If you're going to need to clean up the logs table that has grown, I would avoid a single atomic transaction like:

DELETE dbo.logs_table WHERE [datetime] < '20121201';

This will cause massive log growth and will take a long time. Instead you can break the cleanup into chunks, e.g.

BEGIN TRANSACTION;

SELECT 1;

WHILE @@ROWCOUNT > 0
BEGIN
  COMMIT TRANSACTION;

  -- if in simple: CHECKPOINT
  -- otherwise: BACKUP LOG

  BEGIN TRANSACTION;

  DELETE TOP (1000) FROM dbo.logs_table WHERE [datetime] < '20121201';
END

I picked 1000 and Dec. 1st arbitrarily, I don't know what fits your scenario best. The point is that you want to keep transactions short and contained, and prevent any long-term impact while you clean up the table. Another option I've used in the past, instead of deleting 99% of the junk in a table, move the 1% you want to keep to a new table and drop the old one.

BEGIN TRANSACTION;

SELECT * 
  INTO dbo.new_logs_table 
  FROM dbo.logs_table
  WHERE [datetime] >= '20121201'

COMMIT TRANSACTION;

-- create indexes/constraints/triggers on dbo.new_logs_table

BEGIN TRANSACTION;
  DROP TABLE dbo.logs_table;
  EXEC sp_rename N'dbo.new_logs_table', N'logs_table', N'OBJECT';
COMMIT TRANSACTION;

If you say the logs have never been purged, then you may very well be in a scenario where the database will be at a size that you don't anticipate you will ever need again (say, if you only intend to ever keep a week of logs at a time). In this case I might go along with a shrink operation, but only if truly necessary (e.g. you really do need the space for other purposes). A bunch of empty pages aren't going to affect your backups or other operations, and the pages will eventually be fully deallocated and reused.


The largest table stores complete XML documents from transactions between the app and APIs of sites like eBay.
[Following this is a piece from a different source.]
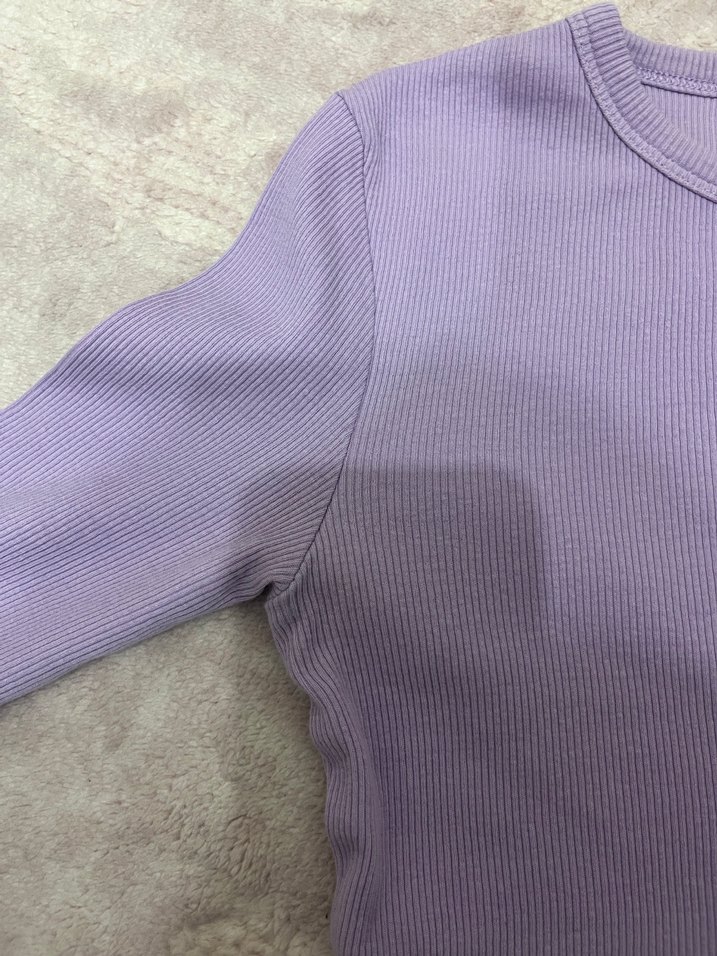 Bershka Uzun Kollu Lila Crop - Görsel 4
I'm working with a system at the moment that does exactly the same. While Mat's comment about 230GB not being massive by today's standards is fair, it's still 200GB more than you need for the system to operate. It may be occupying buffer pool, it's certainly contributing to larger and longer backups and of primary concern, it will require longer restore time in the event of a disaster.
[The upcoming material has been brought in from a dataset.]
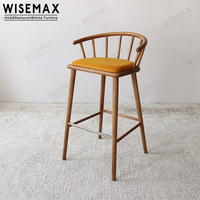 WISEMAX FURNITURE Chaises de bar en bois massif de haute qualité, nouveau design, style tendance, dossier et pieds en bois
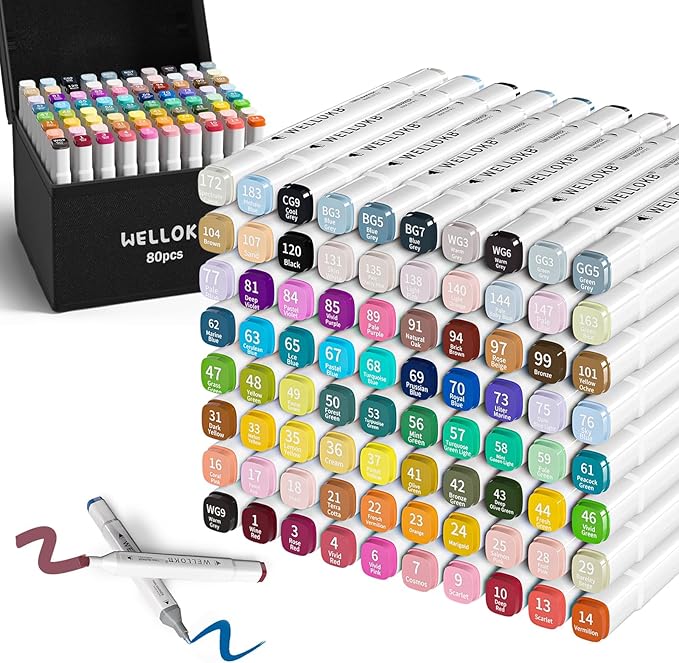 Alcohol Markers,80 Colors Dual Tip Permanent Art Markers for Adults Coloring Illustrations Sketch,Christmas gift,Alcohol Based Marker with Case,for Book Painting Card Making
Preferable (if the application code is accessible and in a fit state to tolerate change) would be to push any non-critical logging to a different database. You can then switch it to SIMPLE recovery and forego transaction log backups. Obviously this is only suitable for data where loss of point-in-time recovery is deemed acceptable.
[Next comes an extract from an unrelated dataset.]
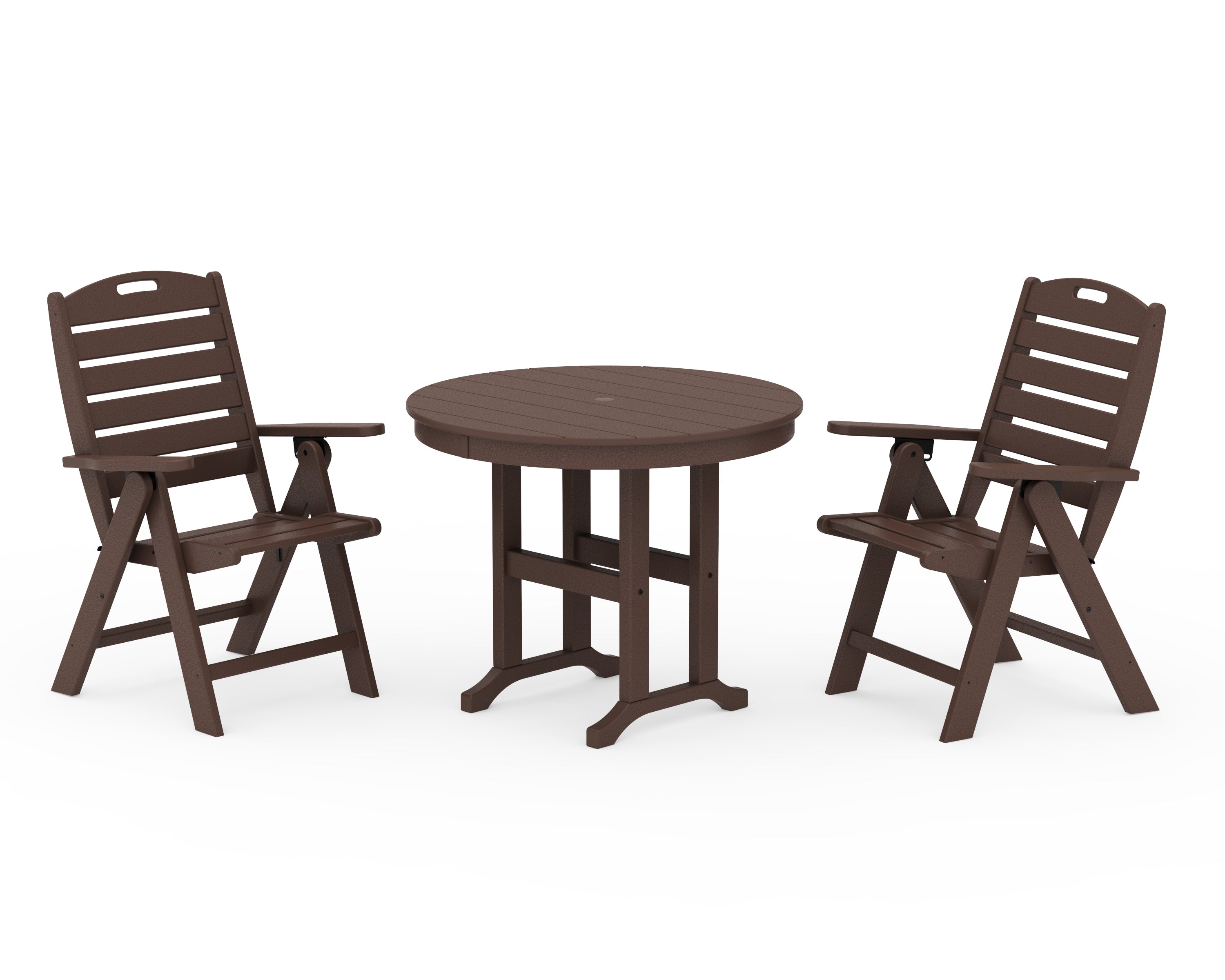 POLYWOOD® Nautical Folding Highback Chair 3-Piece Round Dining Set in Mahogany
In the case I'm looking at, the API request/response documents that are being logged are in effect duplicate data. The transaction details are being stored in the database elsewhere, the documents are for debug purposes only.

Alternately, purge the data more frequently.

But... If your assessment is correct and the data of interest is 30GB, the 32GB server is dedicated to this database, that should be adequate. I'm inclined to suggest you do some more in depth analysis of where your problem is originating from, rather than leap straight into trying to resolve the logging/size issue prematurely.

Crack out the DMV queries. Glen Berry's DMV Diagnostic scripts contains examples for identifying the procedures and ad hoc queries that are consuming the most IO or CPU time. sp_whoisactive is very useful for live analysis.

If you find anything of interest, feel free to post a new question with the details.